Thesis Director: Avery Goldman, Department of Philosophy

Faculty Advisor: William McNeill, Department of Philosophy

Bio: Brad is a senior Philosophy major with a minor in Sound Design, interested in Kant, Aesthetics and Critical Theory. When not reading philosophy or working on film projects he plays American primitivist folk guitar.

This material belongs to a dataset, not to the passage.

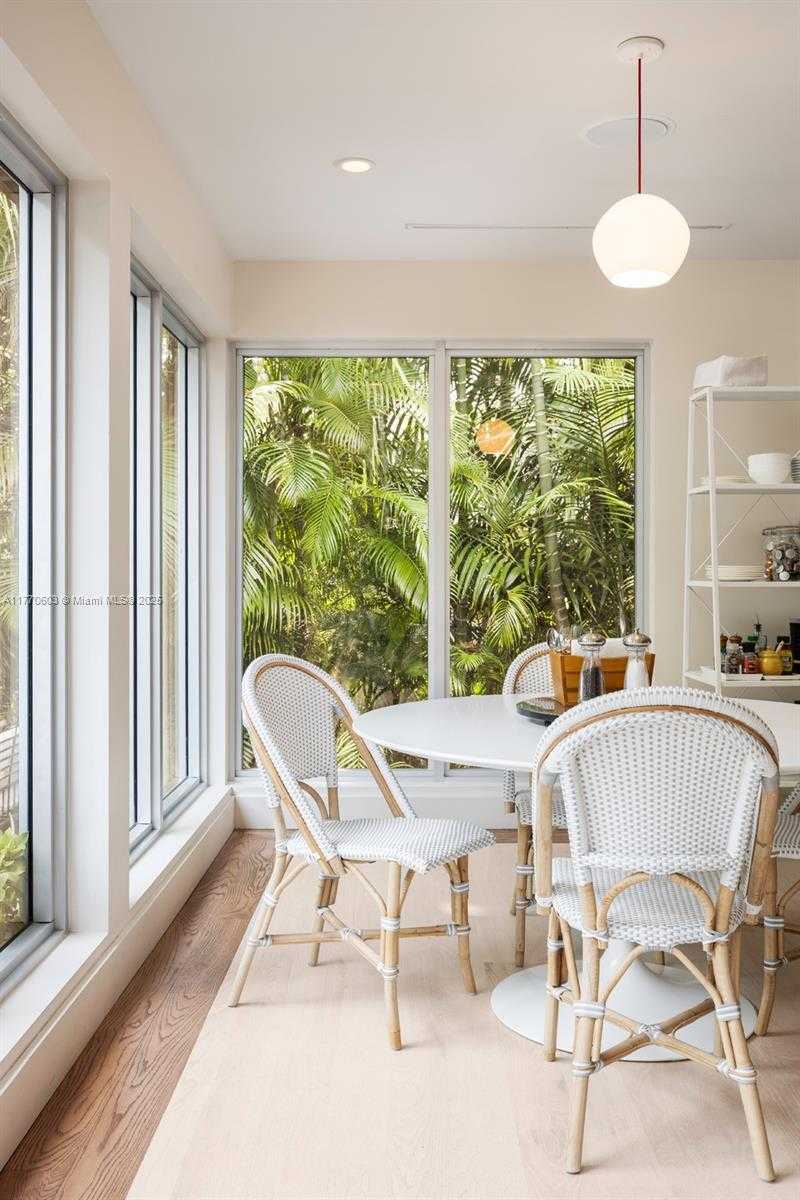 Small Image of 4140 BATTERSEA RD, Coconut Grove Number 8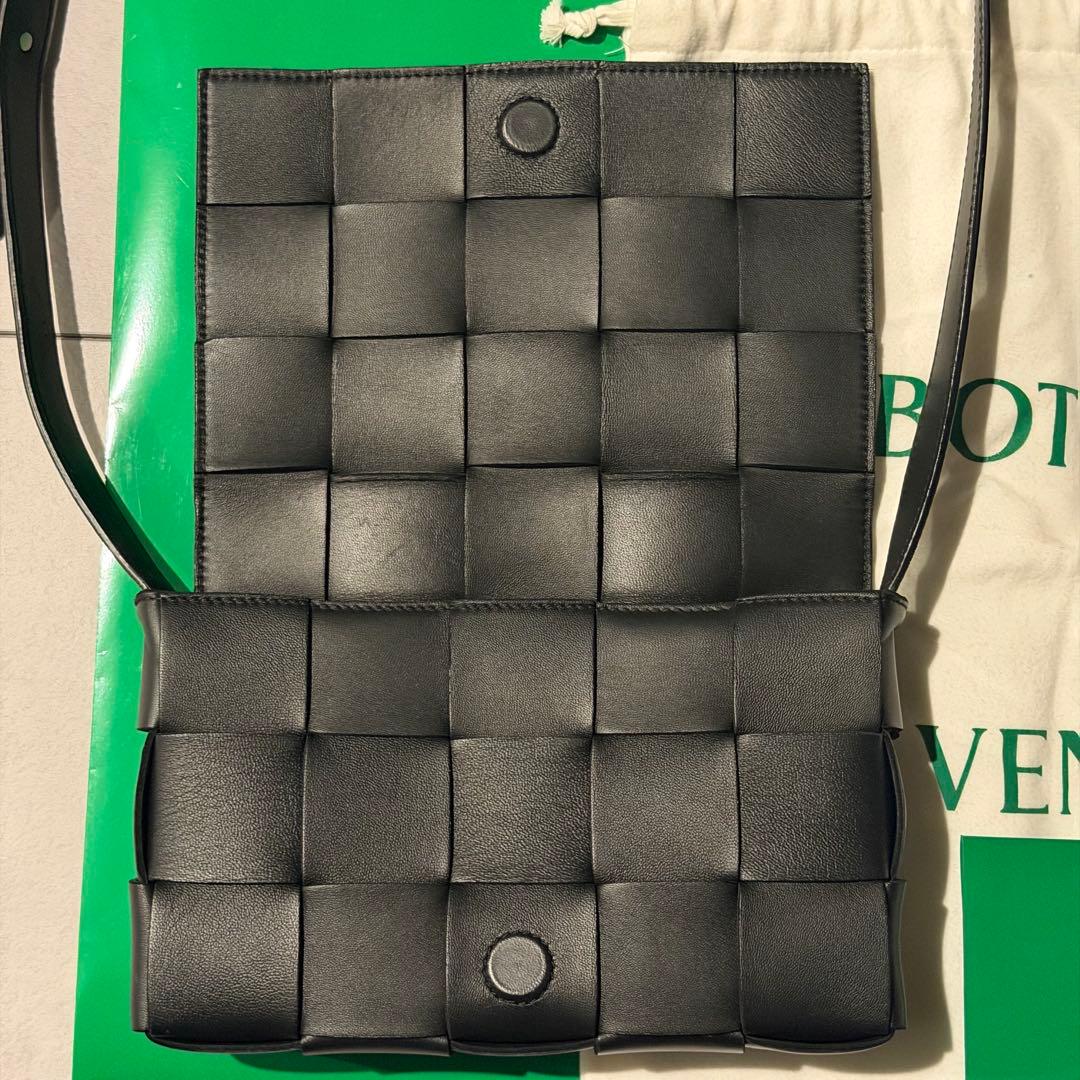 【BOTTEGA VENETA】『カセット』レディース ショルダーバッグ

Abstract: Martin Heidegger’s 1929 interpretation of Kant in the book Kant and the Problem of Metaphysics is known for its supposed interpretive violence. One important aspect emphasized by both Heidegger and Kant is the role of human transcendence in experience; that our spontaneous faculties, for Kant— and our pre-conceptual understanding of Being, for Heidegger— always go ahead of our engagements with the world, to first delimit the region within which those engagements take place. In this way experience, as conceived by both thinkers, itself takes on an interpretive character. In this essay I examine the differences between this anticipating of experience in the thought of Kant and Heidegger, paying particular attention to the way they define the terms “Possibility” [Möglichkeit] and “Reality” [Realität] relative to the structure of this anticipating and their conception of subjectivity and what the differing nature of this anticipating of experience reveals about the aims, objects, and interpretive possibilities of their respective philosophies.